At least I had the foresight to pick up (and hold onto) Cain when he was dropped midway through the year
However I disagree with the first poster. Look at the first 10 pitchers drafted and how many of them are either out right now, have missed significant time or have just sucked? The only guy I can think of that I would consider drafting in the first 3 rounds is Santana. Nobody else is worthy of a pick that high because of the risk involved with pitchers.
Not one team in our playoffs(14 team league, deep rosters) still has two top 10 type pitchers in it and only 1 of the 4 has even one of the top 10 type pitchers in it. H2H pitching is all about depth, I still think taking a pitcher early is a big mistake. However you need to pick up real depth at the position so when one tier 2 pitcher goes cold you can bench him and have another one to play and so you can maximize 2 start guys.
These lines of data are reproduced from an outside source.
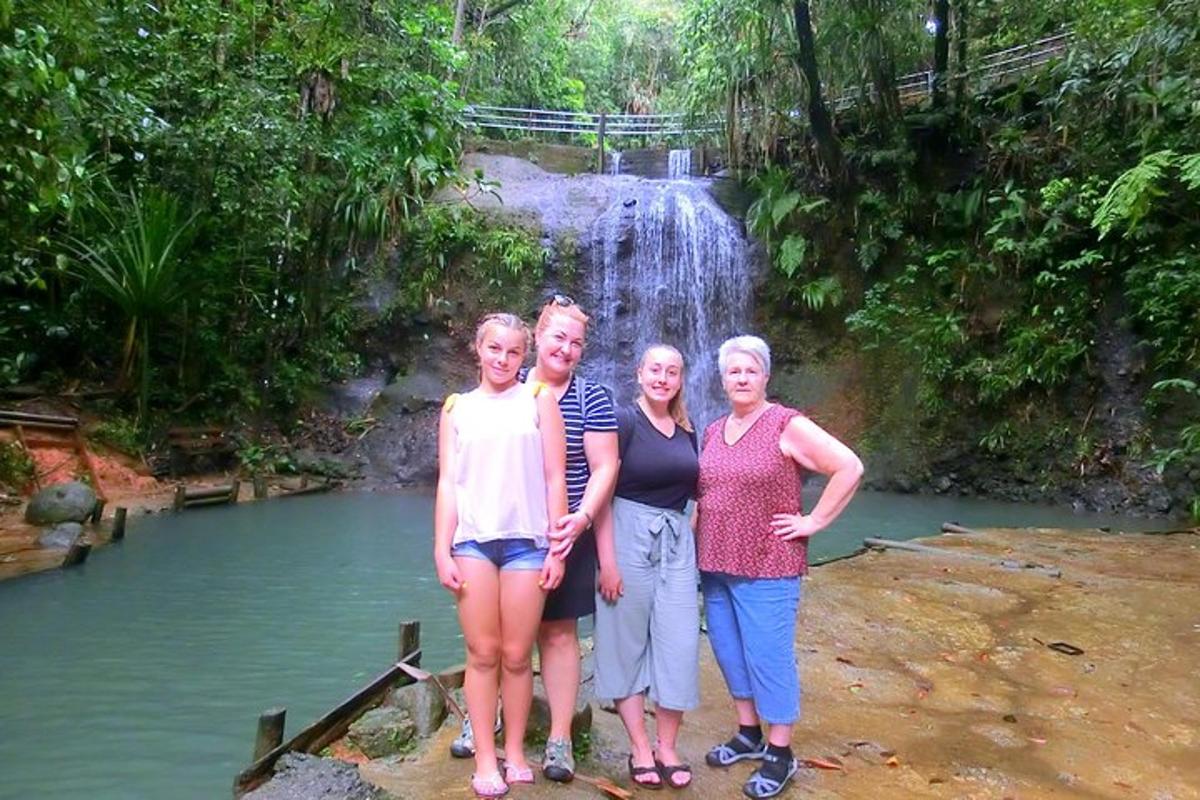 a group of people standing in front of a waterfall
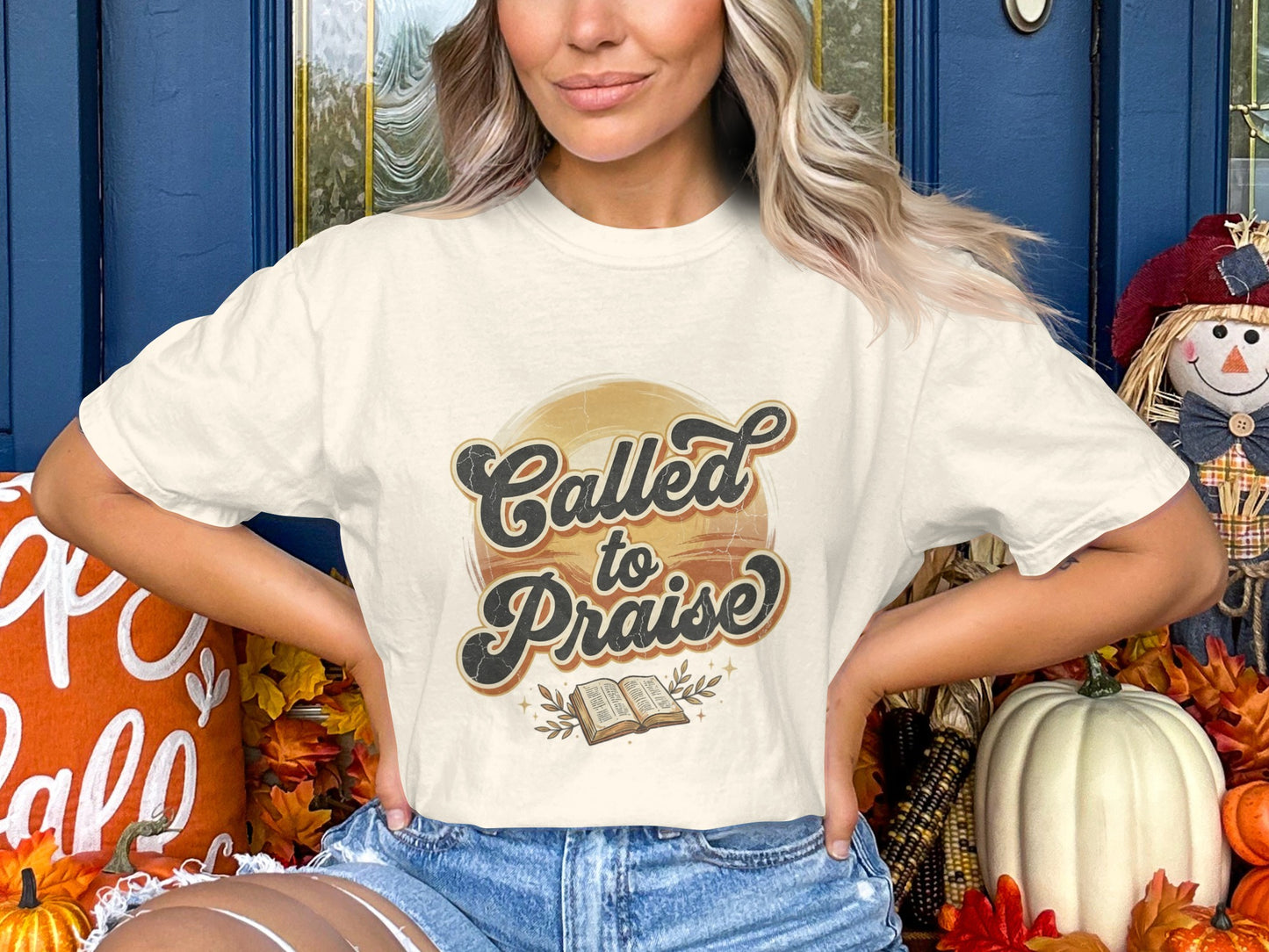 T-shirt with "Called to Praise" text and an open book graphic.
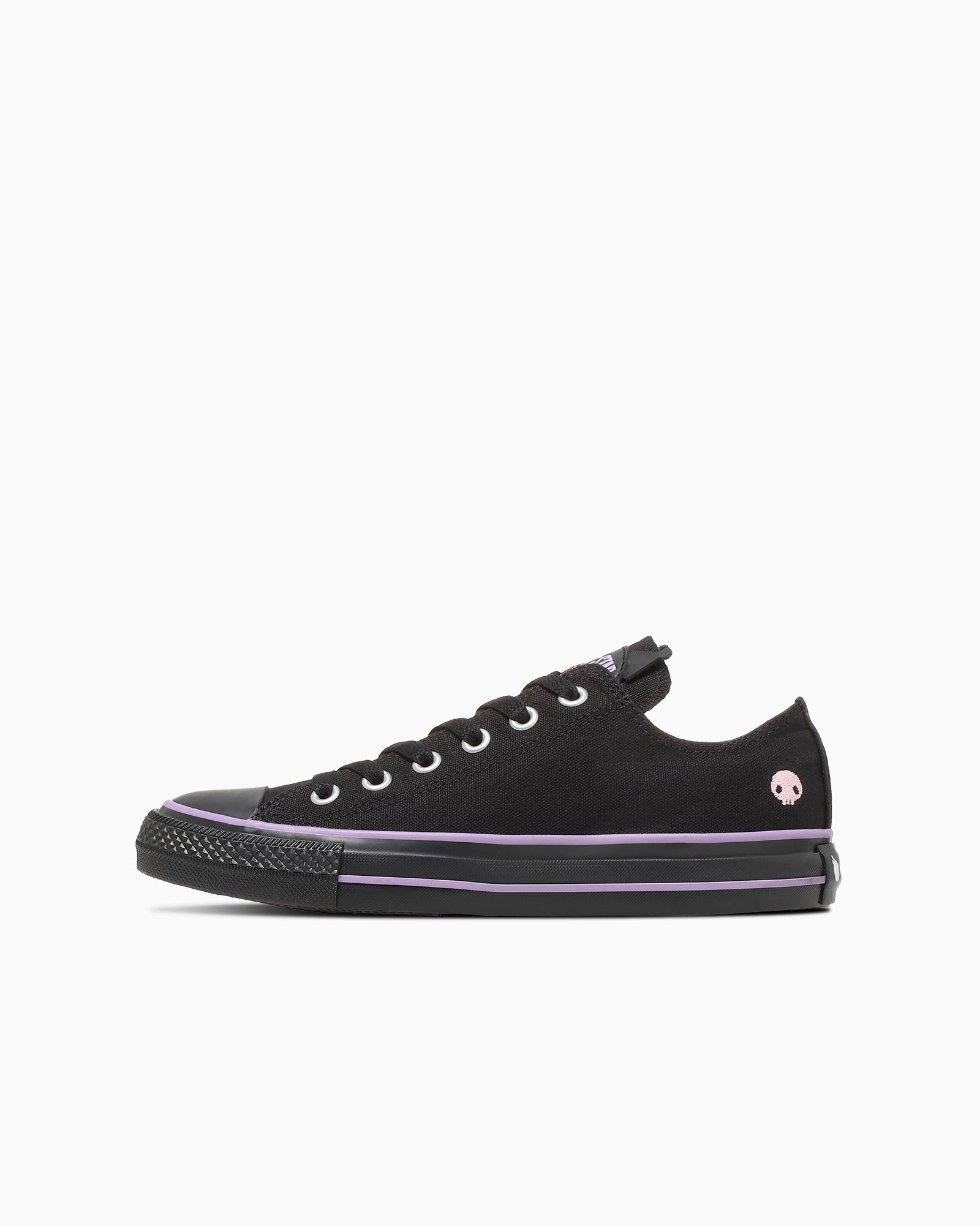 CONVERSE Japan x Sanrio ALL STAR OX Kuromi low-top sneakers in black and purple with skull embroidery and Kuromi face tongue label
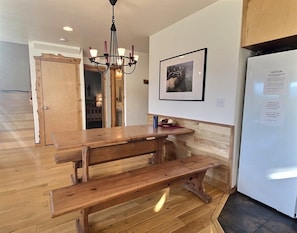 A wooden bench table in a room with a chandelier, a framed picture on the wall, and a refrigerator with a caution sign.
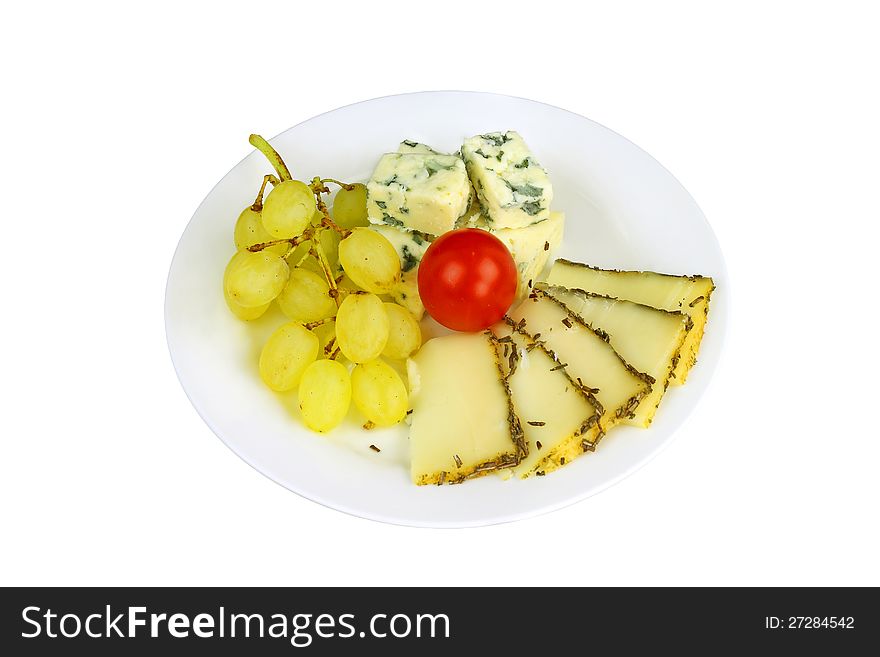 Blue cheese and piquant cheese with bunch of yellow grapes and small red tomato on a plate isolated on white. Blue cheese and piquant cheese with bunch of yellow grapes and small red tomato on a plate isolated on white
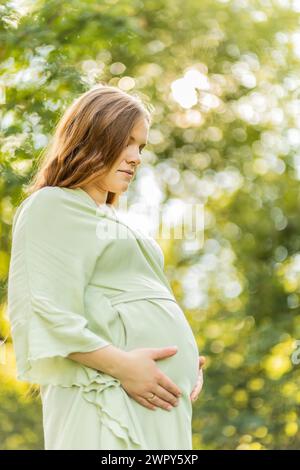 Young pregnant woman holds big belly, green trees,sky on background. Brown long haired female wear dress. Magic happy pregnancy. Child delivery Stock Photo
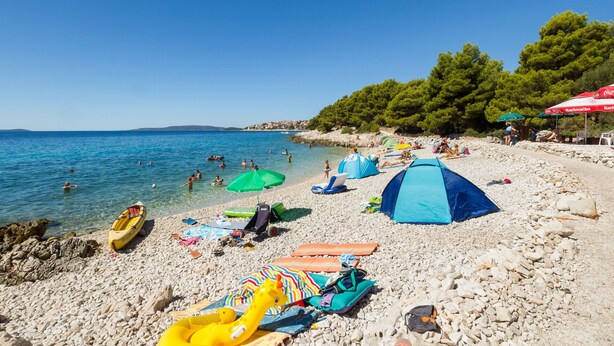 A beach with clear blue water, people swimming, and tents set up. - TIA 1 with one bedroom and sea view, in Okrug Gornji (Okrug Gornji)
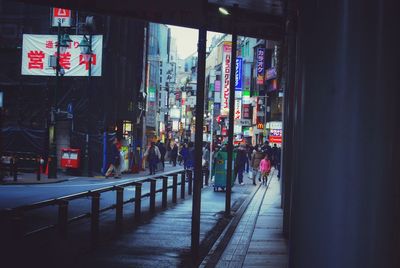 People walking on illuminated street at night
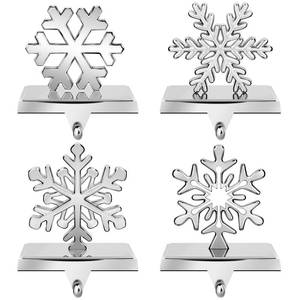 lot 1039 image: URATOT Pack of 4 Christmas Stocking Holders Snowflake Stocking Hangers Mantel Stocking Hooks for Christmas Decoration, Silver - Retail $24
ttwarrior1 wrote:its very simple, pitching wins. I will draft a studd sp in round 1 and 2. Im tired of going to free agency and picking up sp.
Unless your league has more pitching categories then hitting categories, then it's actually very equal.
I don't see a point in drafting pitching early, unless his name is Johan that is. The rest of your pitching staff can be put together very late and still be very good. A lot of top pitchers were able to be had very late.
Draft guys who get 10+ SBs at EVERY position (MOST IMPORTANT)
Draft 4-5 closers
Don't be hesitant to grab young top prospect pitchers! Some turn out to be studs in their first years!
(I always believed that stud rookie pitchers would only have a brief period in which they would succeed, maybe 4 starts, and then hit a huge wall, and end up with below average numbers. I had a chance to grab Verlander, Liriano, and Weaver, and didn't.)
Don't go with the best arm in a potential closer's situation, grab the guy who will likely get the job; managers can be idiots! (Zumaya)
In Yahoo H2H, where ERA is the tie-break for the week, pitching-oriented teams do have a slight edge come playoff time.
That being said, I've really only followed two rules this year, and have done fairly well so far: 1) Don't draft anyone who bats below .275, and 2) Don't draft any pitcher with a low K/9. Those things tend to stay pretty consistant throughout the season when compared to other stats.